You have received your birthday gifts — $n$ triples of integers! The $i$ -th of them is $\lbrace a_{i}, b_{i}, c_{i} \rbrace$ . All numbers are greater than or equal to $0$ , and strictly smaller than $2^{k}$ , where $k$ is a fixed integer.

One day, you felt tired playing with triples. So you came up with three new integers $x$ , $y$ , $z$ , and then formed $n$ arrays. The $i$ -th array consists of $a_i$ repeated $x$ times, $b_i$ repeated $y$ times and $c_i$ repeated $z$ times. Thus, each array has length $(x + y + z)$ .

You want to choose exactly one integer from each array such that the XOR (bitwise exclusive or) of them is equal to $t$ . Output the number of ways to choose the numbers for each $t$ between $0$ and $2^{k} - 1$ , inclusive, modulo $998244353$ .

The first line contains two integers $n$ and $k$ ( $1 \leq n \leq 10^{5}$ , $1 \leq k \leq 17$ ) — the number of arrays and the binary length of all numbers.

The second line contains three integers $x$ , $y$ , $z$ ( $0 \leq x,y,z \leq 10^{9}$ ) — the integers you chose.

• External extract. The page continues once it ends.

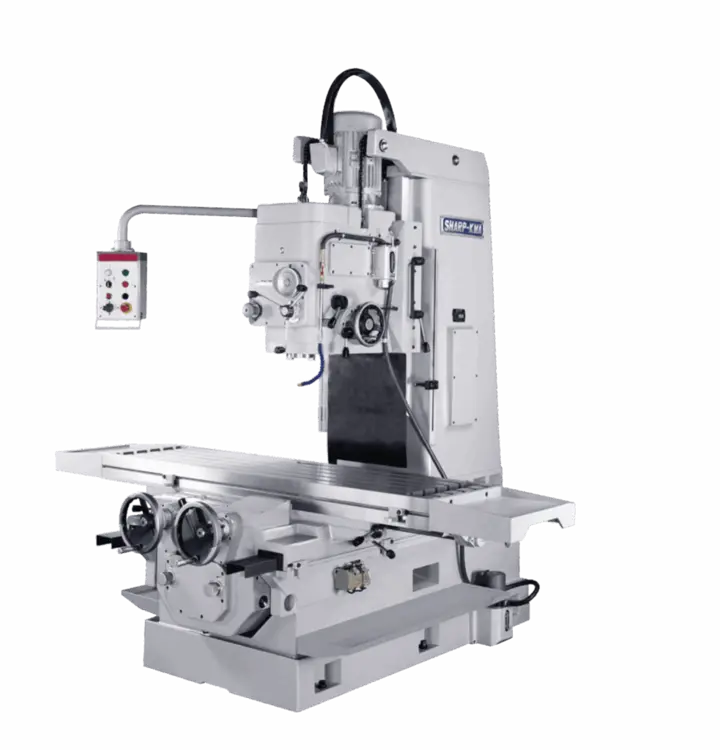 New | in-Stock SHARP KMA-2 Bed Type Mills Georgia US | The Equipment Hub #1398933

Then $n$ lines follow. The $i$ -th of them contains three integers $a_{i}$ , $b_{i}$ and $c_{i}$ ( $0 \leq a_{i} , b_{i} , c_{i} \leq 2^{k} - 1$ ) — the integers forming the $i$ -th array.

Print a single line containing $2^{k}$ integers. The $i$ -th of them should be the number of ways to choose exactly one integer from each array so that their XOR is equal to $t = i-1$ modulo $998244353$ .

In the first example, the array we formed is $(1, 0, 0, 1, 1, 1)$ , we have two choices to get $0$ as the XOR and four choices to get $1$ .

In the second example, two arrays are $(0, 1, 1, 2)$ and $(1, 2, 2, 3)$ . There are sixteen $(4 \cdot 4)$ choices in total, $4$ of them ( $1 \oplus 1$ and $2 \oplus 2$ , two options for each) give $0$ , $2$ of them ( $0 \oplus 1$ and $2 \oplus 3$ ) give $1$ , $4$ of them ( $0 \oplus 2$ and $1 \oplus 3$ , two options for each) give $2$ , and finally $6$ of them ( $0 \oplus 3$ , $2 \oplus 1$ and four options for $1 \oplus 2$ ) give $3$ .